34 yaşındaki Özlem Yilmaz, hayatının en zor dönemine girmek üzere olduğunu bilmiyordu. Baş ağrıları ve uyku problemleri ile başlayan belirtiler, onu bir dizi teste ve sonunda 4. evre beyin kanseri teşhisine götürdü. Ancak, sevdiklerinin desteği ve ve unutulan bir ismin hatırlanması, onun hayatını kurtardı.
Özlem, yoğun çalışma temposuyla geçirdiği yılların ardından sağlığına dikkat etmeye başlamaya kararlıydı. Ancak, başında devam eden ağrılar ve zaman zaman yaşadığı unutkanlık, onu endişelendirmeye yeterli oldu. İlk başta bunun sıradan bir iş stresinden kaynaklandığını düşündü. Fakat durum, daha ciddi bir sorunun habercisi çıkacaktı. Bir süre sonra, ailesinin de endişe etmesi üzerine bir doktora başvurdu. Yapılan testler sonucunda, 4. evre beyin kanseri tanısı konuldu.
Kanserle mücadelesi sürecinde, onu en çok ikna eden şey, doktorlarının daha önceki hastalarının hikayeleri oldu. Bunlardan biri, kanser tedavisi için alternatif bir yol arayışına girmiş ve sonunda hayatını kurtaracak bir isim bulmuştu. Yine de Özlem'in hayatını kurtaran bu isim, ona çok uzak bir yerden geliyordu. Bir gün hastane ziyareti sırasında, yanındaki arkadaşınınm bir anda "Biliyor musun, benim kuzenim senin durumunda çok zor günler geçirdi ama sonrasında bir doktorla tanıştı ve hayatı değişti" demesiyle, içindeki umut kıvılcımı yeniden alevlendi.
Bu tesadüfi iletişim, onun doktoruna daha fazla güven duyulmasını sağladı. İlk başta tedaviye başlamak konusunda tereddüt etse de, hayatını kurtarma umuduyla yeni bir yola girmeye karar verdi. Unuttuğu o isim, aslında hayatına yeniden bir yön verdi; bu isim onun için yalnızca bir isim değil, aynı zamanda yeniden doğuşun simgesiydi. Özlem, bu isim sayesinde ayrıca hastalıkla başa çıkmanın çok daha fazla yolunun olduğunu, kendi ruhsal durumunun ve zihninin ne kadar önemli olduğunu keşfetti.

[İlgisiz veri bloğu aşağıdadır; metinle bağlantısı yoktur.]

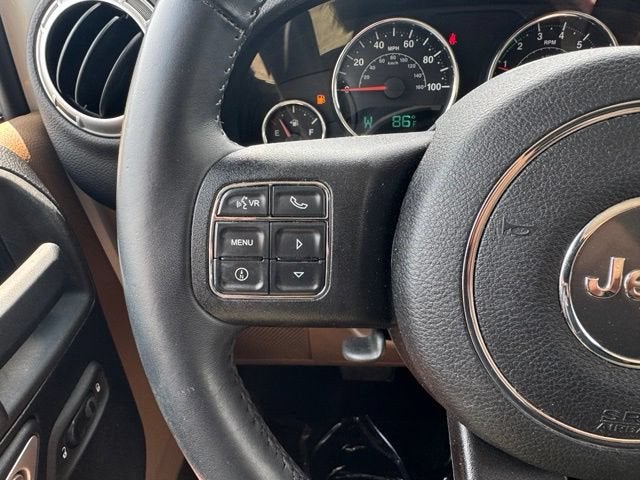 2013 Jeep Wrangler Unlimited Rubicon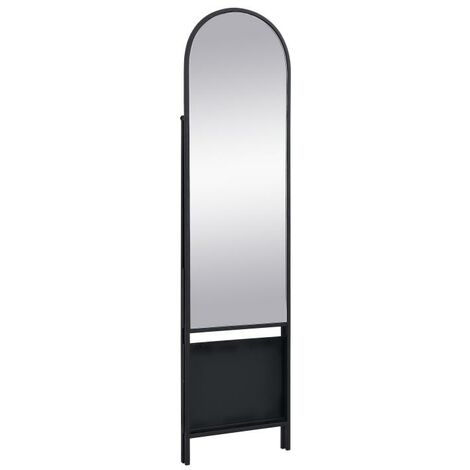 Miroir led de maquillage murrieta avec lumière réglable et port usb , blanc  - Conforama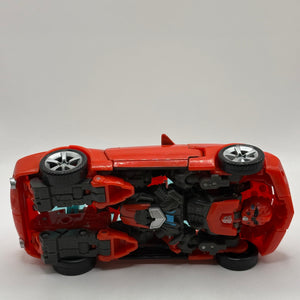 2007 Hasbro Transformers Movie Deluxe Cliffjumper Chevrolet Camaro Action Figure FRENLY BRICKS - Open 7 Days
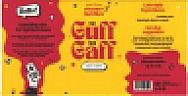 GUFF GAFF (and logo) trademark logo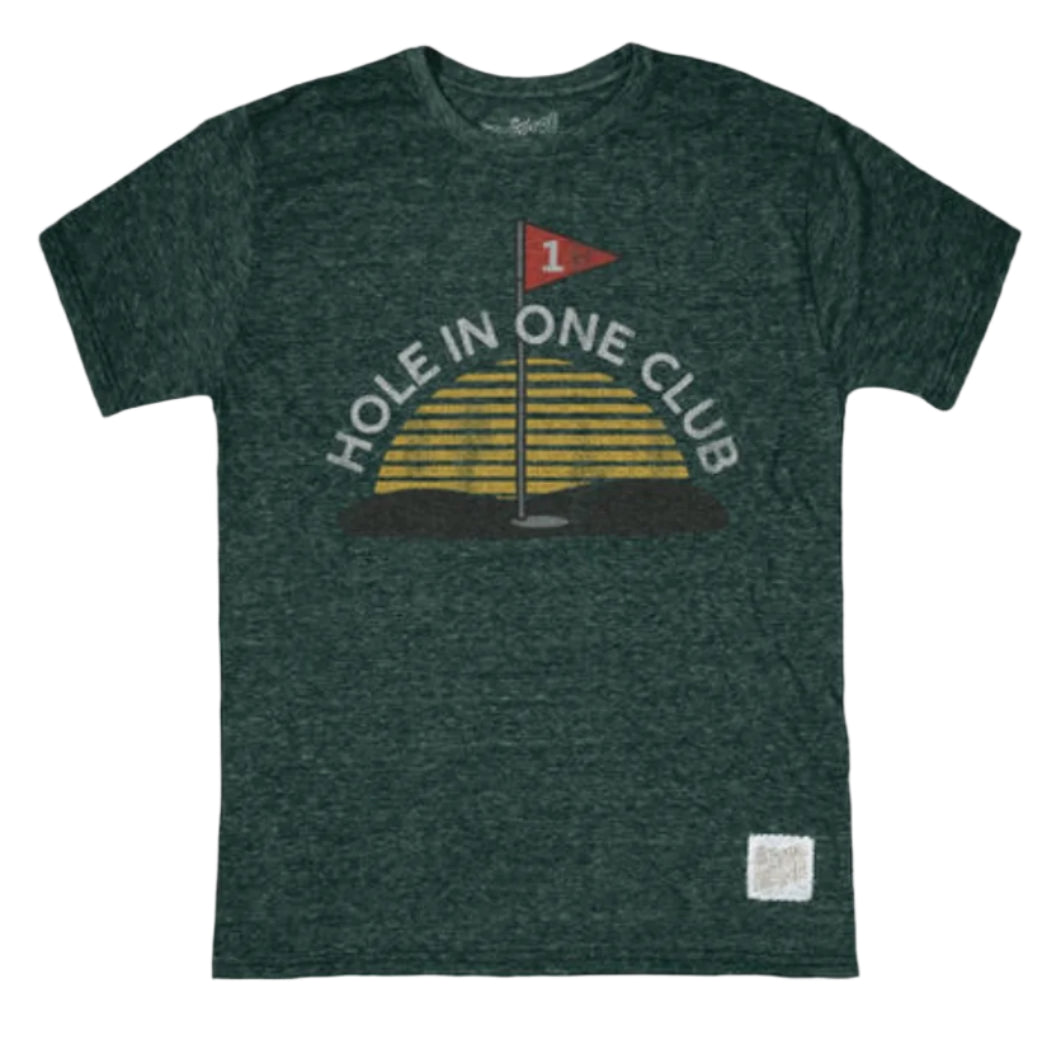 HOLE IN ONE CLUB T SHIRT
novaman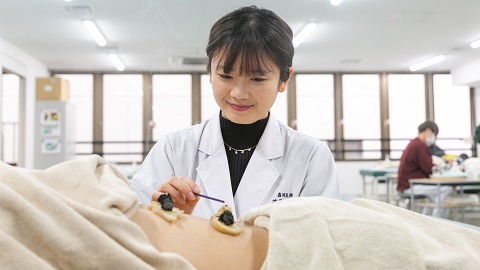 MCL盛岡医療大学校 国家試験合格を目指した効率的カリキュラムにより、知識や技術を高めます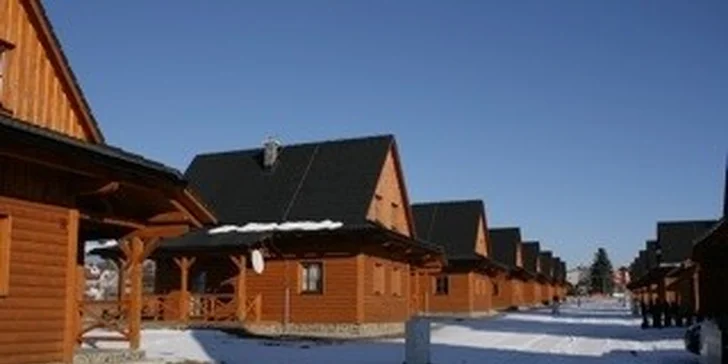 4-dňový pobyt na Liptove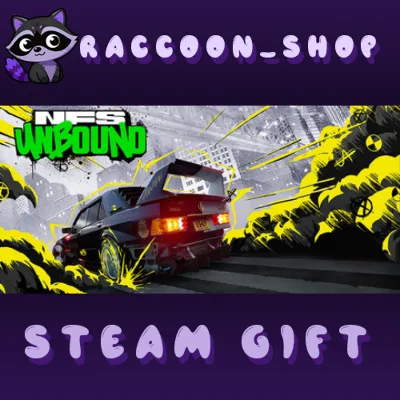 Need for Speed™ Unbound * STEAM RUSSIA - irongamers.ru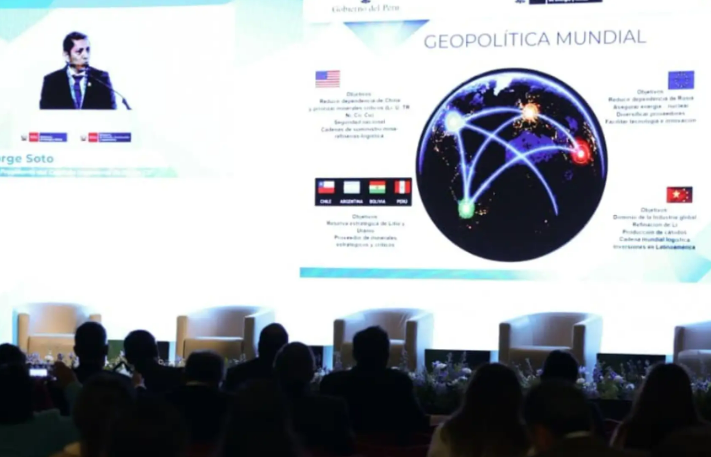 América Latina gana protagonismo por auge de energía nuclear y minerales estratégicos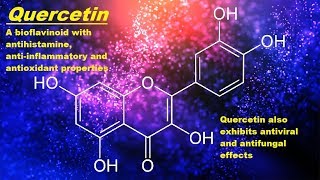 Quercetin [upl. by Hauger]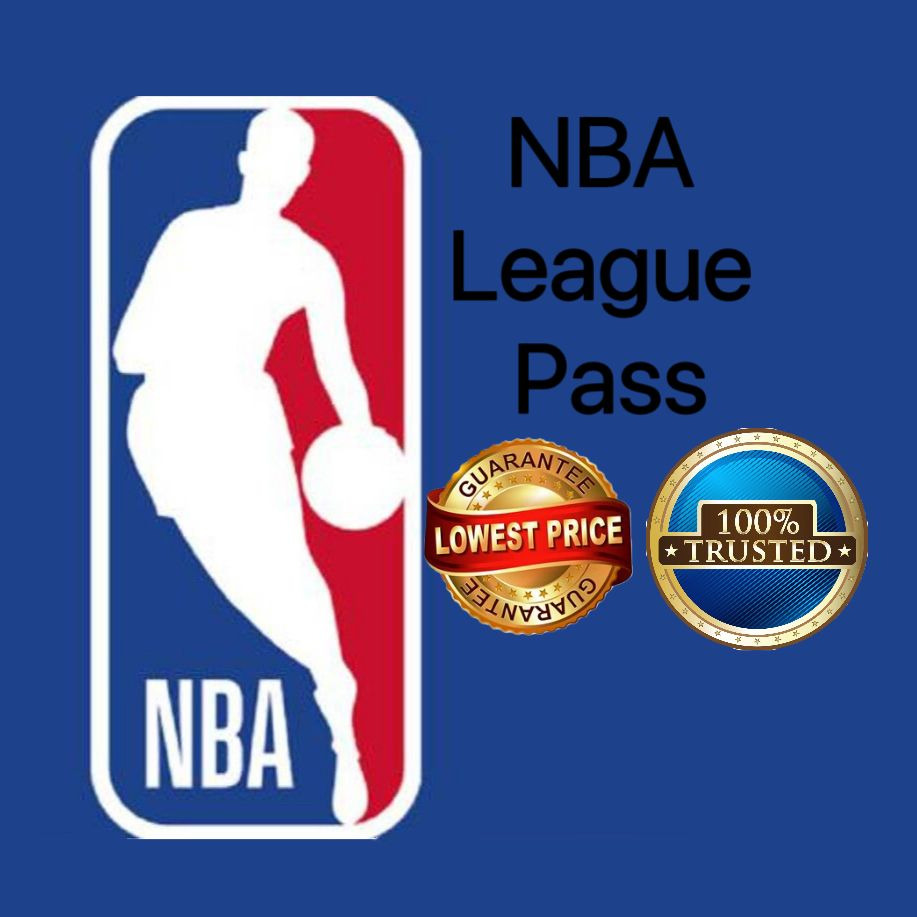 NBA league Pass Gift Card, TV & Home Appliances, TV & Entertainment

Şu anda, tedavi süreciyen etkili bir şekilde devam ediyor. Unuttuğu ismi hatırlamış olmanın ona kattığı umutla, her gün yeni bir başlangıç olarak görüyor. Kanserle mücadelesinde, birçok yaşanmış hikaye ve tecrübeye tanık olduktan sonra, hayatın ne kadar kıymetli olduğunu anladı. Artık, bu denklemin yalnızca fiziksel sağlık değil, aynı zamanda ruhsal ve zihinsel sağlıkla da ilgili olduğunu biliyor. Onun hikayesi, birçok insana ilham vermeye ve umut aşılamaya devam ediyor.
Özlem Yılmaz’ın durumu, hastalıkla savaşan birçok insana umut veriyor. Bu yüzden, insanların birbirine destek olmasının önemini bir kez daha anlamış durumda. Unuttuğu ismin özelliği, ona yalnız olmadığını ve her zaman yardım alabileceği bir destek ağı bulunduğunu hatırlatmış olmasıdır. Kendisi için bu süreçte, öncelikle kendine nasıl daha iyi bakabileceğini, kendisine nasıl daha fazla değer verebileceğini öğrendi. Özlem, artık sağlıklı bir yaşamın sadece fiziksel belirtilerle değil, aynı zamanda ruhsal dinginlik ve mutlulukla mümkün olduğunun bilincinde.
Sonuç olarak, beyin kanseri mücadelesi veren insanlar için umudun hiçbir zaman kaybolmaması gerektiğini vurgulayan Özlem, tıbbın yanında manevi destek ve sosyal çevrenin de büyük bir rol oynadığını dile getiriyor. Unuttuğu o ismin Ona hayatı geri döndüğü kadar, farkındalık yaratması açısından da büyük öneme sahip. Toplumun, hastalıkları ve bunların getirdiği zorlukları daha iyi anlaması gerektiğini savunan Özlem, başına gelenlerin sadece kendi mücadelesi değil, aynı zamanda başkalarına ilham olabilmesi için de bir fırsat olduğunu düşünüyor.